→ Exercise details: For the entries that follow, restate word for word the line containing "Avian Influenza Dairy Prevention", the line containing "Nuevamente en suspenso", and every line that lies between them.

→ Material for the task:
════════════════

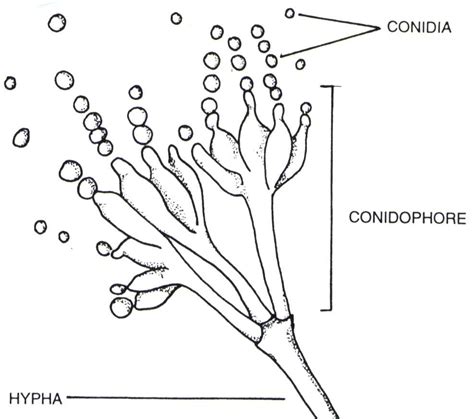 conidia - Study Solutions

════════════════

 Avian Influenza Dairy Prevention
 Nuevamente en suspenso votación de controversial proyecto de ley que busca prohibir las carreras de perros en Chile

════════════════

→ Answer to this problem:
 Avian Influenza Dairy Prevention
 Nuevamente en suspenso votación de controversial proyecto de ley que busca prohibir las carreras de perros en Chile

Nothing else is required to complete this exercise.